Apparently I have no shame?  That's so weird, I thought I did!
Step 3:  Start taping!  Your helper takes the helm here!  Your job is to stand still for now.  We had a bowl of water set up, as well as the sponge and a baking tray (or any surface that will be suitable for wetting the tape on).  You dunk the sponge in the water, squeeze out the excess and swipe it over the tape strip getting it nice and wet and sticky.  First we did some diagonal strips from the shoulder across the chest and over the bust.  Slightly overlap the tape strips on each other.  Then we moved onto defining the waist with horizontal strips.  Don't over-think it though, you will be able to see the logical progression, and you can't do it "wrong" as long as you follow the body's contours.  Diagonals work well in curved areas like around the shoulders and chest.  Here I am after the first layer:

Trying to smile but getting pretty uncomfortable!
The back
 Let's be honest- this thing is NOT comfortable to be in.  I had to grin and bear it but being constrained like this for a long time is not good for you.  Plus, the stinky glue and sweaty garbage bag don't help.  Hah, by the end of it I was talking like a dying person,  my husband couldn't wait to cut me out!

Make sure you tape down to where you need- err on the side of too long versus too short.  You can always cut it shorter but you can't cut it longer.  Mine goes down to about just below where a top would end, which is a good length.  A bit of extra length wouldn't hurt though.  

We were planning to do 2 or 3 layers, but we only ended up doing almost 2.  That was plenty strong though.  As long as the main areas are nice and thick, you can add more tape after it's off!  If yours is quite wet you may need a hairdryer between layers but we didn't need it at all.

Step 4:  Good advice is to mark centre front and centre back, as well as the waistline, before you take it off.  Again I didn't take my own advice.  I figured I could tell pretty easily after it was off, so it was fine :)  What is important though, is to mark the bottom of your dress form all the way around.  Do this an even length from the ground.  This ensures your dress form will be able to sit in a way that mimics your posture- you don't want clothes hanging off it crookedly after all that work!

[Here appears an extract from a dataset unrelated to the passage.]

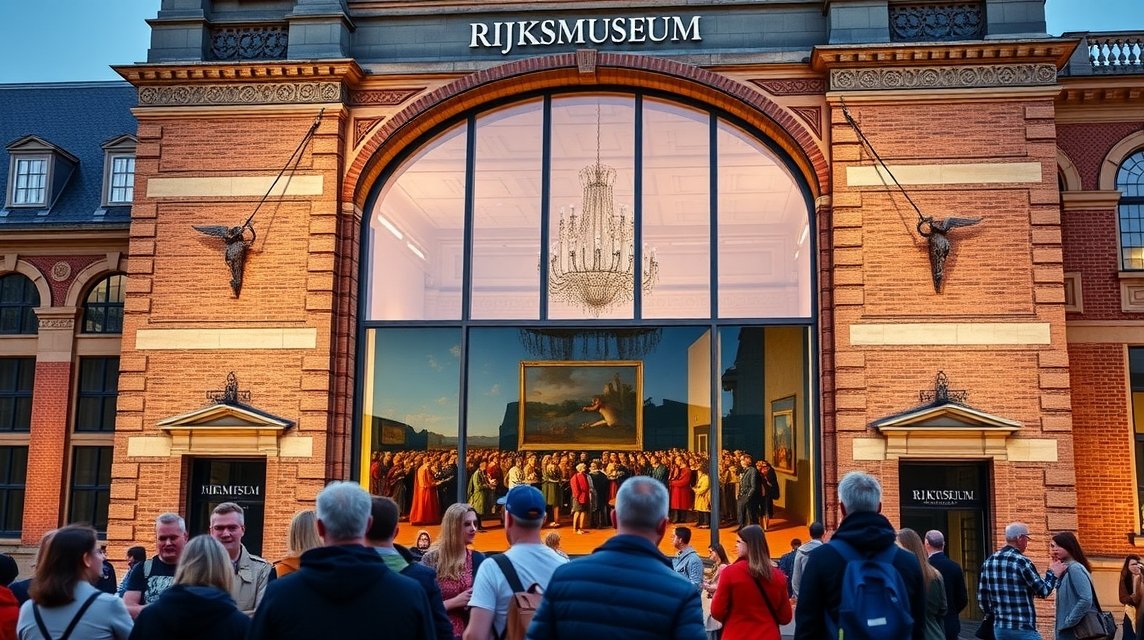 A Rijksmuseum bejárata Az Éjjeli őrjárat előtt Amszterdamban.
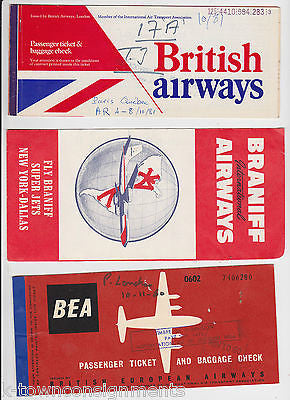 BRITISH AIRWAYS VINTAGE - PARIS - QUEBEC - FLIGHT BOARDING TICKETS - K-townConsignments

Step 5:  When the tape is hard enough to keep its shape but still soft enough to get out of, get your helper to cut up the centre back with scissors.  Careful not to stab the skin or cut through the bra strap!  Shimmy out of there, you're free!  Ahhhh, sweet relief!

Now is a good time to put any support items you might like in there.  I have read that for larger busts, shoulder pads are good to put in to stop them collapsing over time.  A wooden coat hanger supports the shoulders, and can be used for hanging, or you can attach your pole to it for part of the stand.  I did none of these things :)

Tape up the back with your duct/masking tape.
At this point, I gave a quick measure and was pleased to discover it was the right size!  It was only about 0.5cm off- that's pretty accurate!  If yours ends up bigger, you can cut vertical slits, pull them tighter and tape till it's the right size.

Step 6:  Do some more layers of tape wherever it looks thin or needs smoothing over, and cover over your tape job at centre back.  I especially focused on the armholes, neck and base, where I wrapped tape to the inside, for extra support, and to make the edges nice and smoothly rounded.


Here is a tip for getting the tape to sit nicely over curved areas- obviously don't worry about doing this when there's a person inside, it'll take too long!  This was my perfectionist side coming out.
See how it stubbornly won't lie flat?
Give it a snip with the scissors
Press it down and it'll lie flat- yup, it's just like snipping curves in sewing!
Step 7:  Trace around the base onto the cardboard.  Cut out cardboard to cover the neck, armholes and base (I just eyedballed the small holes since they are hard to trace).  Cut a hole in the bottom of the base if you're using a stand, and insert the stand.  Tape up the neck, then stuff firmly:
Tape up the rest of the holes, and give them a layer of the paper tape afterwards so they look nice!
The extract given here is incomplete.